Twisting in the Wind
The moment highlighted the symbolic role Wilson has played in the redistricting melodrama as the sole black legislator to support the Republican plan. They didn't need his vote, but they needed his face -- even more so in the courts, where it would be much harder to maintain the illusion of "enhancing" minority rights without a single black or Latino voice to join the chorus.
Wilson dismisses Anglo Democratic congressmen who get substantial minority support as so many Mr. Charlies, demanding African-American loyalty in return for crumbs. "It's my opinion that African-Americans have no influence in those districts," he told the congressional Democrats' lawyer, then continued, "I can't let my folks twist in the wind waiting for the good wishes or good feelings of the [congressmen] you are trying to protect."
But if, as Wilson says, minority voters have no influence in congressional districts now held by white Democrats like Max Sandlin, Jim Turner, Chet Edwards, Gene Green, Martin Frost, and Lloyd Doggett -- all with strong records on minority issues, and all targeted for elimination under the proposed map -- where in the world will they go when their representatives are Kay Granger, Pete Sessions, Joe Barton, John Culberson, Tom DeLay, or Michael Burgess, the anointed reps of the white Dallas and Houston suburbs?

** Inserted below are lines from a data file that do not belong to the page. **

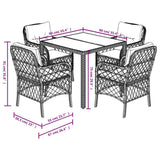 Set da Pranzo da Giardino 5 pz Nero con Cuscini in Polyrattan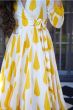 Yellow Printed Cotton Angrakha Suit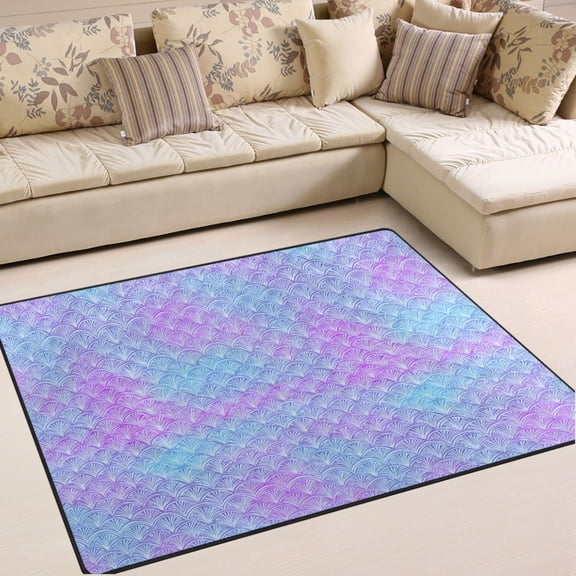Ryvnso Gradient Scale Area Rug Floor Mats Non-Slip Home Carpet 80 x 58 inch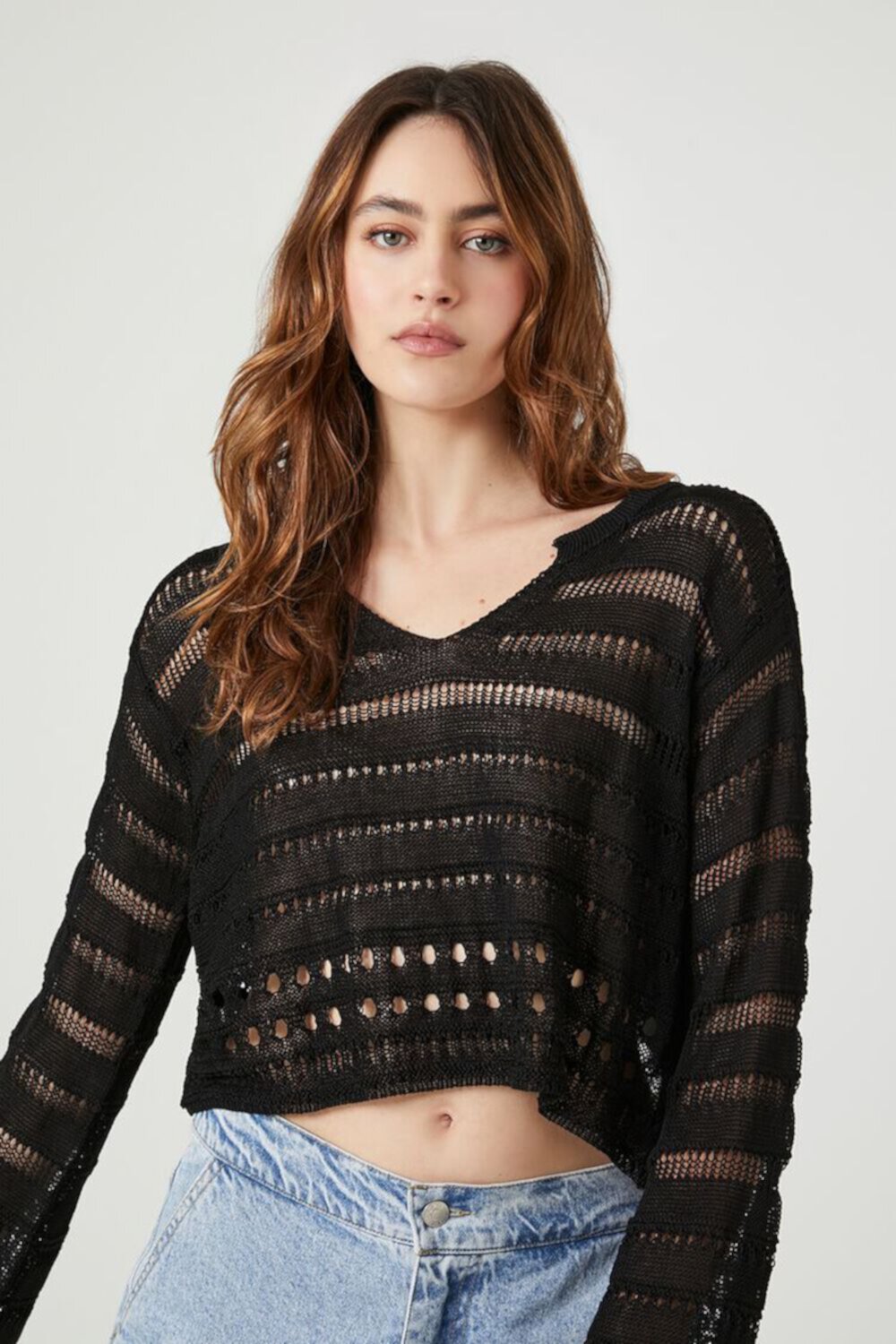 Женский Свитер FOREVER21 Cropped Open-Knit FOREVER21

"African-American citizens in those [current] districts all need help," says Bledsoe, "and despite Ron's accusations of death-bed conversions, those congressmen -- Turner, Sandlin, Edwards, Doggett, Green, Frost -- they have always been there for minority constituents, and they've shown a true commitment to our issues."
The Future of Democracy There's no question that U.S. electoral politics is a world of narrow compromises, and at least some of the Democrats' current troubles are due to decades of racial foot-dragging when their party ruled the South. But that's far from the case now, and a cursory glance at the Capitol confirms that the Republicans in charge represent the same retrograde interests once stoutly defended by the Dixiecrats. They are not just willing, but eager, to trade a few black and brown faces in Congress for another decadelong stranglehold on statewide and nationwide political power, and their baleful influence in D.C. is steadily undermining the importance of all the public institutions that make democracy possible: education, health care, community and environmental planning, and the public oversight and regulation of major economic interests.
It requires no illusions about the limitations of the national Democratic Party to acknowledge that at the grass roots, the party still primarily represents those folks committed to popular democracy, egalitarian politics, and a fundamental inclusiveness that, however incompletely realized, represents the best of the American democratic tradition. What's finally at stake in the seemingly arcane and intramural struggle quietly proceeding through the federal courts is the increasingly cloudy and uncertain future of democracy in America.